Mais peut-être devrais-je donc commencer par expliquer ce qu’est ma philosophie de vie. Elle tient sans doute en trois mots: Beauté, Amusement, Unification.

La beauté réside dans notre capacité à évoluer confortablement au sein d’un ensemble de contraintes, de limites ou de règles. Notons que ceci commence par le fait d’accepter l’existence de ces contraintes, limites ou règles. L’amusement, par contre, consiste à casser ces règles à volonté, savoir s’en détacher, y revenir, un peu comme un chat qui peut sauter dans n’importe quelle position mais qui fini toujours par retomber sur ces pattes.

Il y a un corollaire à ces deux points: la vraie liberté n’est pas d’être sans limite, mais au contraire de les connaître suffisamment pour savoir soit évoluer à volonté en leur sein, soit les franchir à volonté.
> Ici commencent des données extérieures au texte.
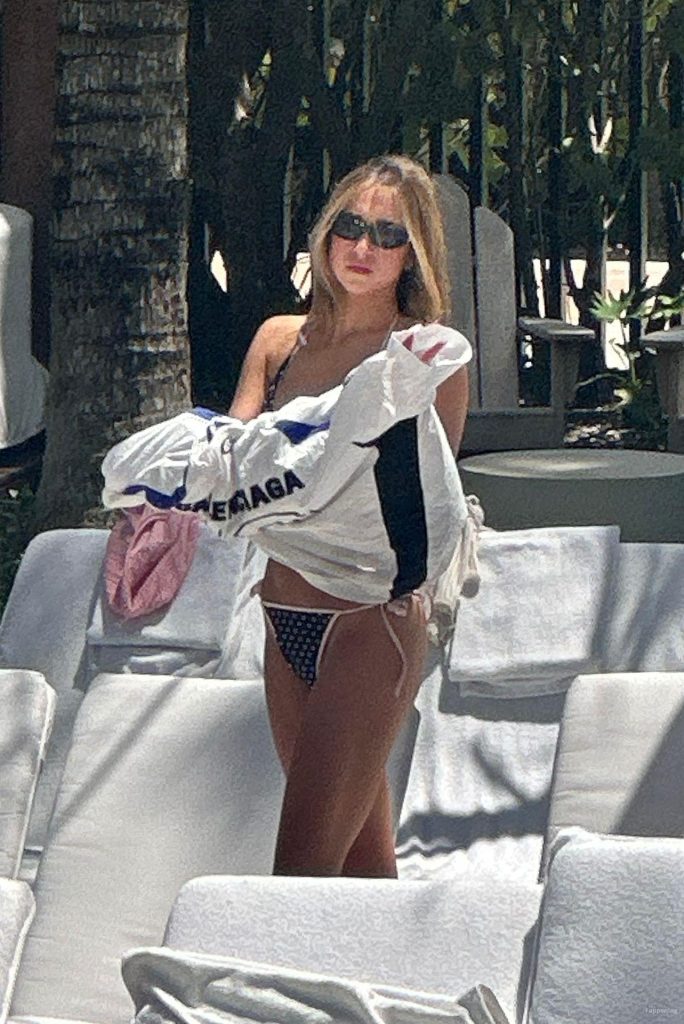 Tate McRae Shows Off Her Assets in a Blue String Bikini Around the Pool in Miami Beach (42 Photos) 8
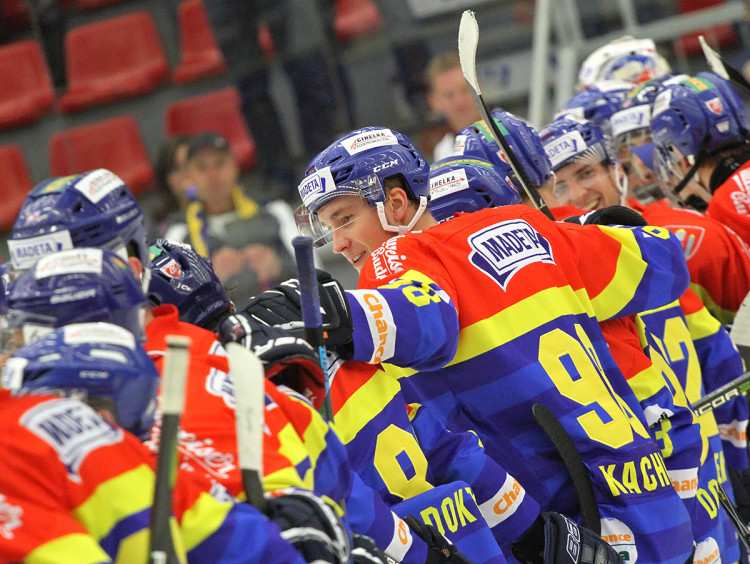 Osmá rána, která rozvlnila porubskou síťku, přiletěla z hokejky Ondřeje Kachyni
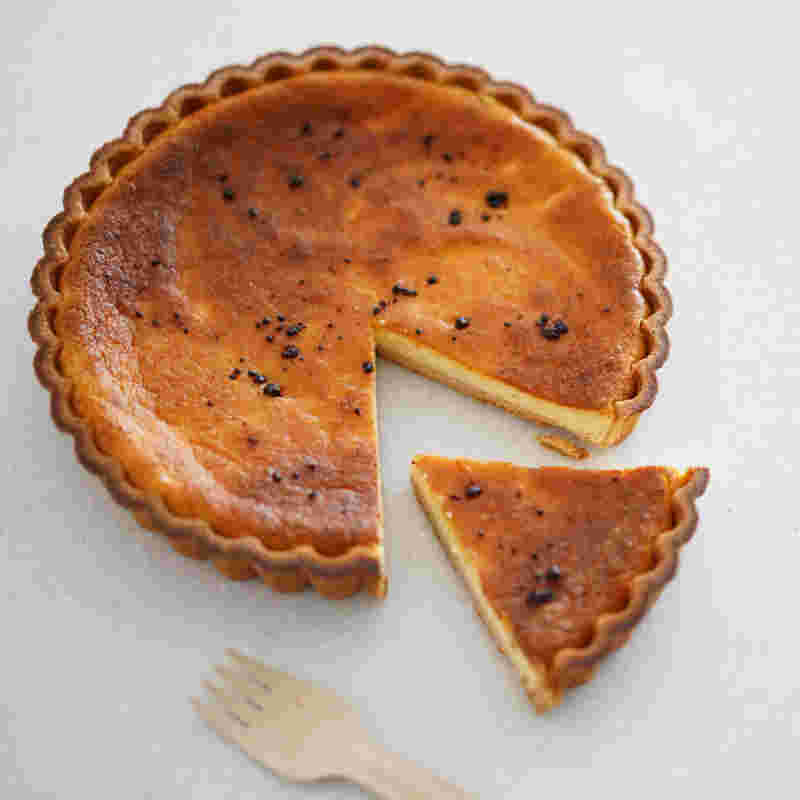 浜納豆をトッピングしたチーズケーキ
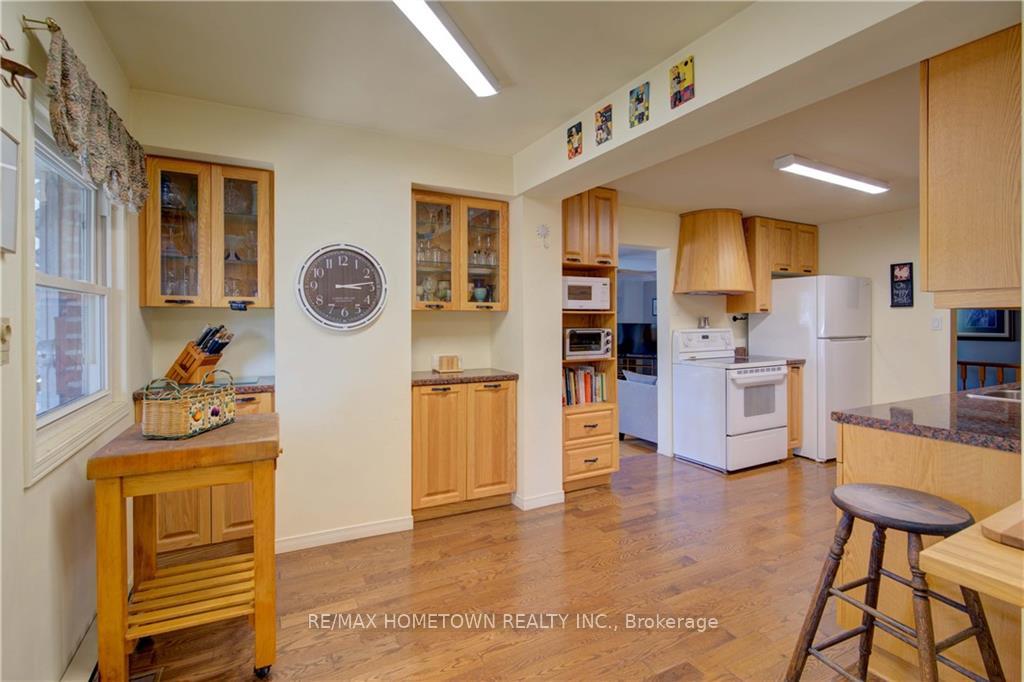 Photo 2 of 156 Charland Road, Rideau Lakes, Rideau Lakes (South Crosby) Twp — HOMEH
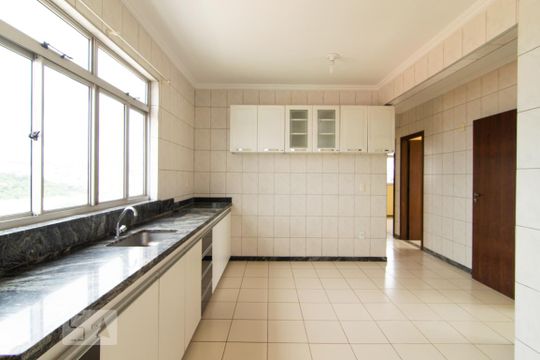 Cozinha de apartamento para alugar com 3 quartos, 90m² em Serrano, Belo Horizonte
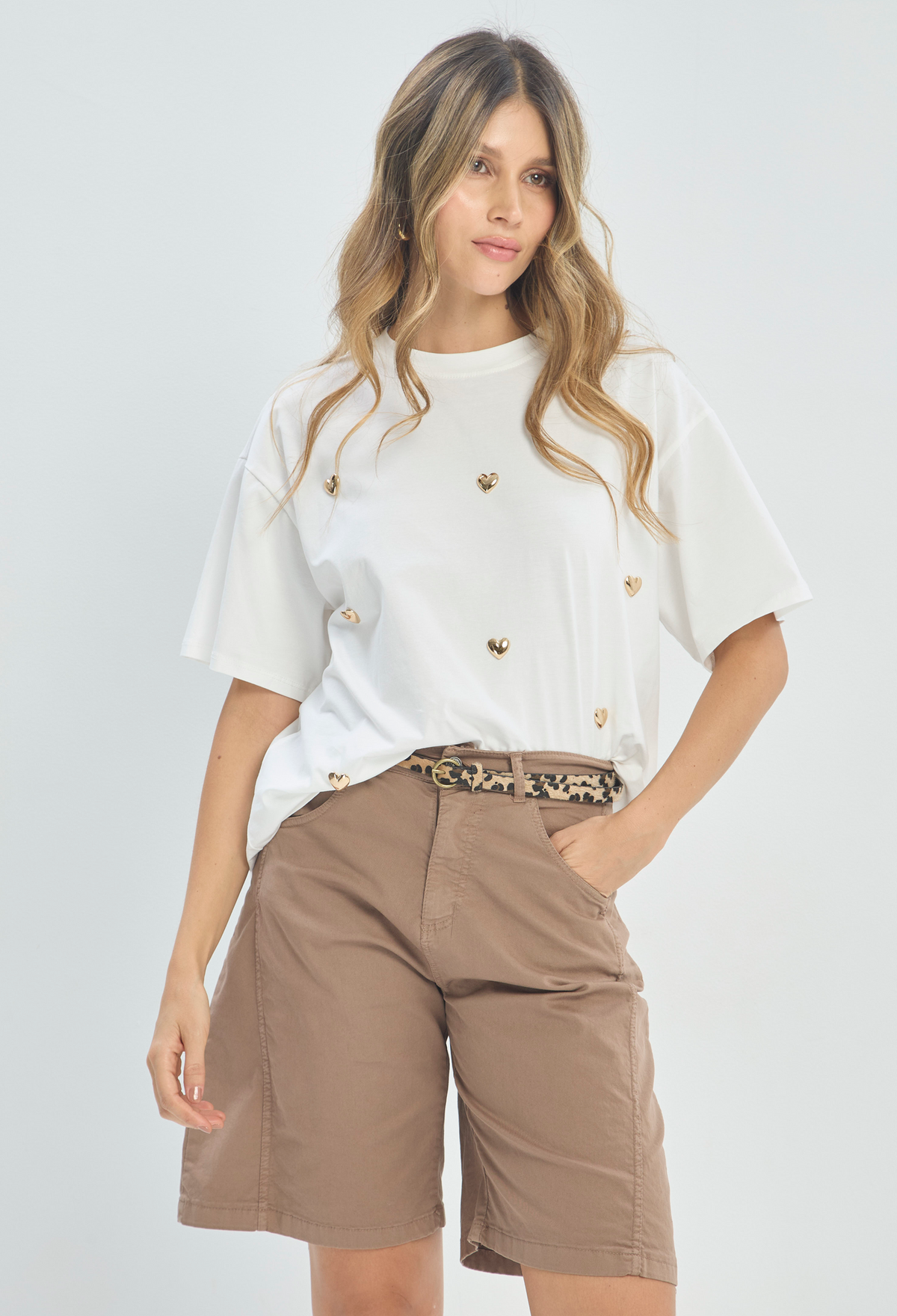 Bermuda Dril Con Correa Animal Print Camel BYBLA - vista 3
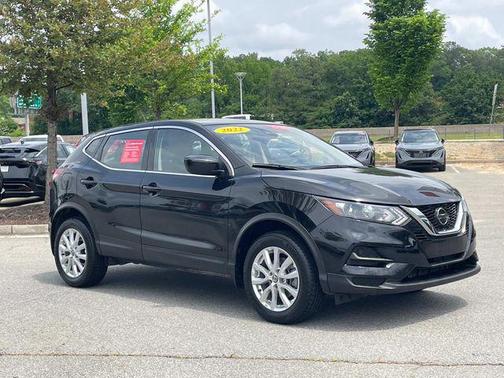 2022 Nissan Rogue Sport S
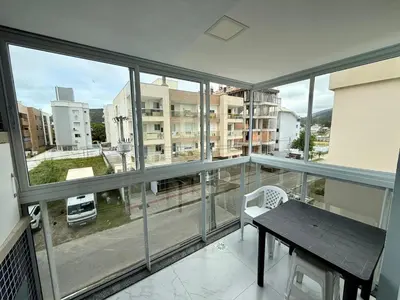 Uma varanda ou terraço em Apartamento espaçoso na Praia de Palmas SC 05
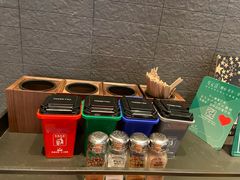自助调料区-星巴克(杭州湖滨银泰E区店)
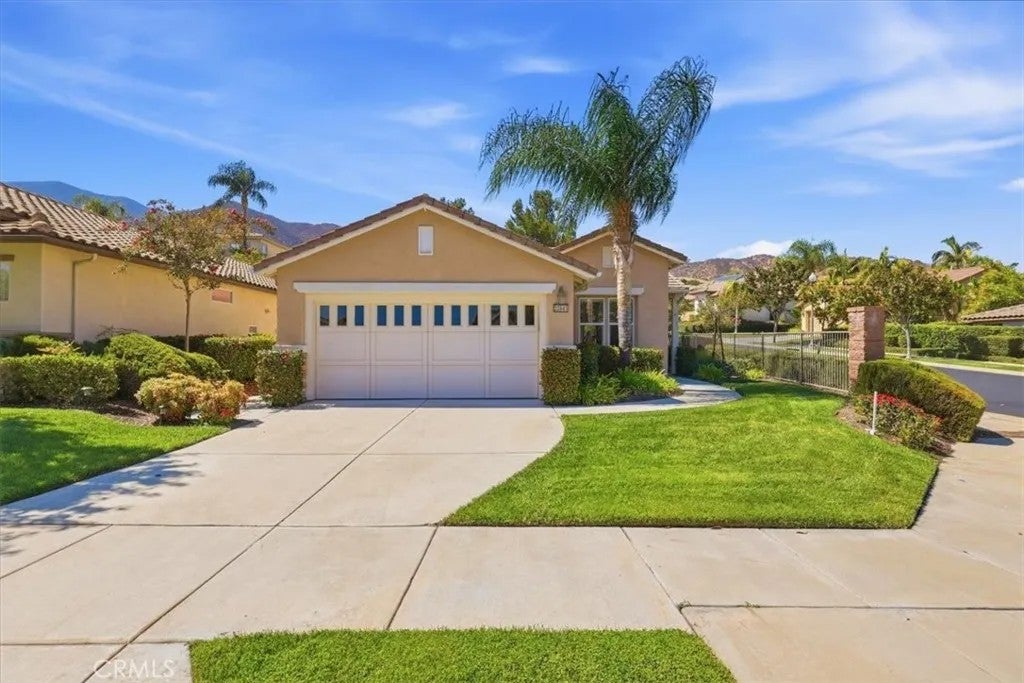 23941 Boulder Oaks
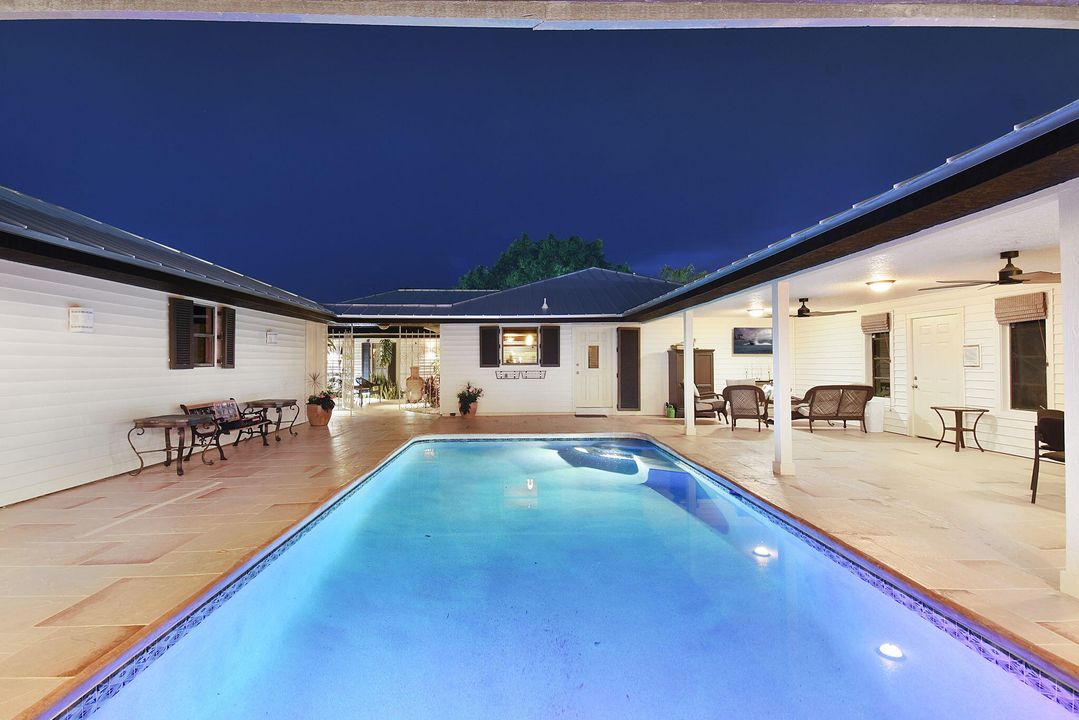 待售: $819,000 (4 贝兹, 4 浴室, 2660 平方英尺)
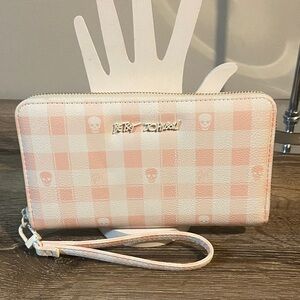Betsey Johnson NWOT Pink and White Checkered Long Zip Around Wallet 8x4.5x1
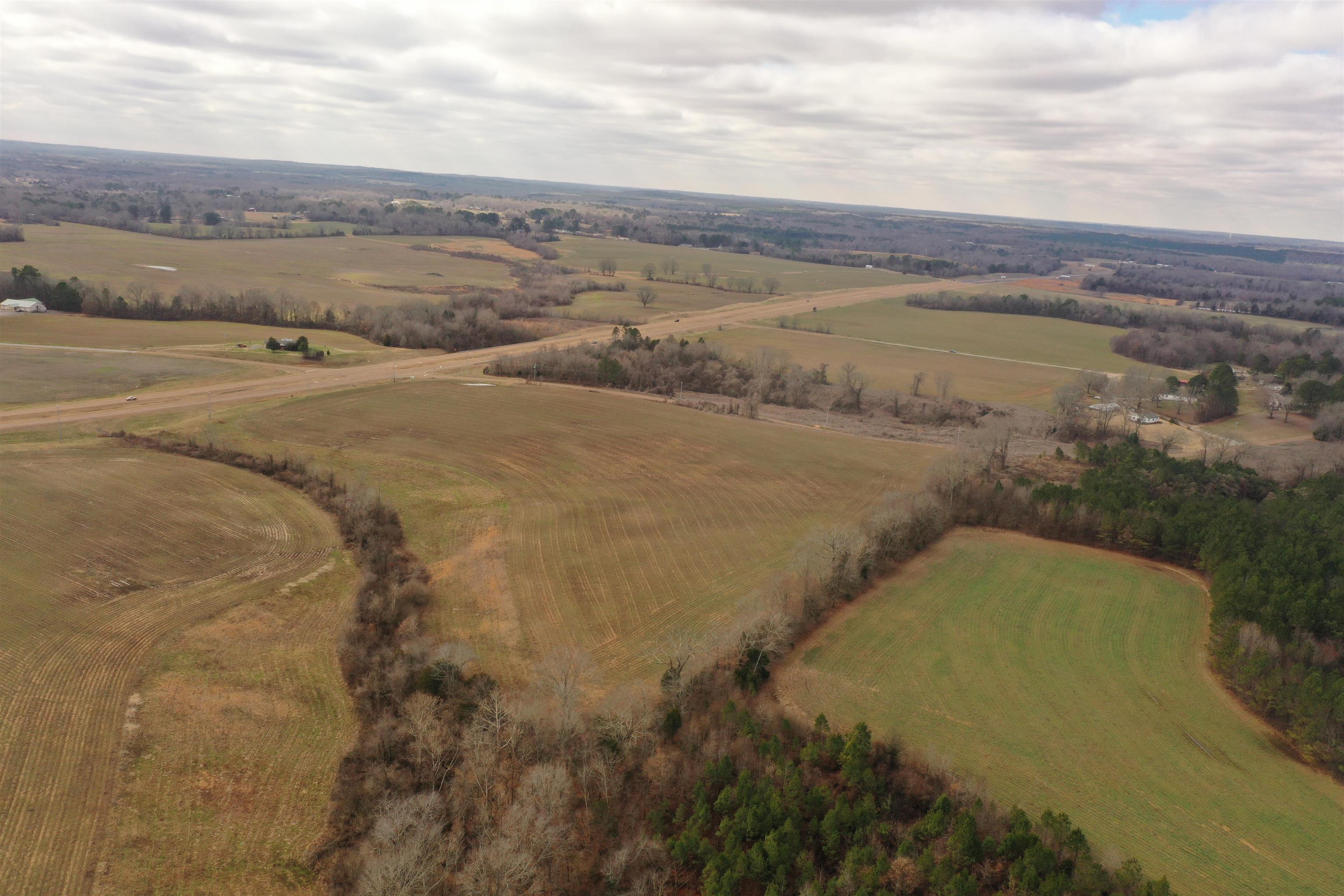 02 64 Hwy Property Photo 2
L’unification consiste à établir des ponts entre des choses apparemment différentes, commencer à comprendre ce qui est l’essence commune à toute chose. Au passage, c’est exactement ce que je suis en train de faire dans ce blog...

En quoi Lisp est-il beau, amusant et unificateur ?

  • Il a y de la beauté à écrire du code dans tout langage (même du code shell peu être beau). La beauté réside dans votre capacité à adapter vos concepts aux contraintes du langage que vous utilisez, en d’autres termes, tirer le meilleur parti du langage compte tenu de ses limitations inhérentes en expressivité.
  • Cependant, et c’est là que l’on s’amuse, Lisp permet de casser les règles des langages traditionnels, en ceci que le langage peut s’adapter à vos concepts autant que vous avez à adapter vos concepts au langage. Lisp est connu (ou il le devrait) pour être le "langage de programmation programmable" grace à la puissance de son système de macros et à la flexibilité de son reader par exemple, on peut créer un langage totalement nouveau (y compris doté d’une syntaxe totalement nouvelle, cf. la macro loop par exemple) à l’intérieur de Lisp lui-même. Ceci fait de Lisp la langage typiquement adapté à l’implémentation de DSL (Domain Specific Language) par exemple.

Il est intéressant de constater qu’avec un peu d’expérience en Lisp, adapter le langage à ses besoins devient une partie intégrante de l’art de la programmation; une règle en soit. Pour ainsi dire, on a repoussé nos limites, en faisant règle ce qui n’était qu’une exception auparavant.

  • Lisp est aussi le langage de l’unification. Bien que principalement connu comme langage fonctionnel (pur ou impur, en passant), Lisp est aussi impératif, procédural, orienté-objet, orienté-contexte si ça vous chante. Lisp est aussi déclaratif: il suffit de constater l’abondante littérature traitant de la facilité d’implémentation de Prolog pour s’en convaincre. Lisp est donc vraiment le langage que vous voulez, quel qu’il soit: là où un paradigme de programmation existe par construction d’un autre langage, il est souvent implémenté comme une simple bibliothèque en Lisp. La plupart des langages récents (et à la mode) aujourd’hui sont simplement en train de redécouvrir des choses qui ont existé dans Lisp depuis sa création en 1958.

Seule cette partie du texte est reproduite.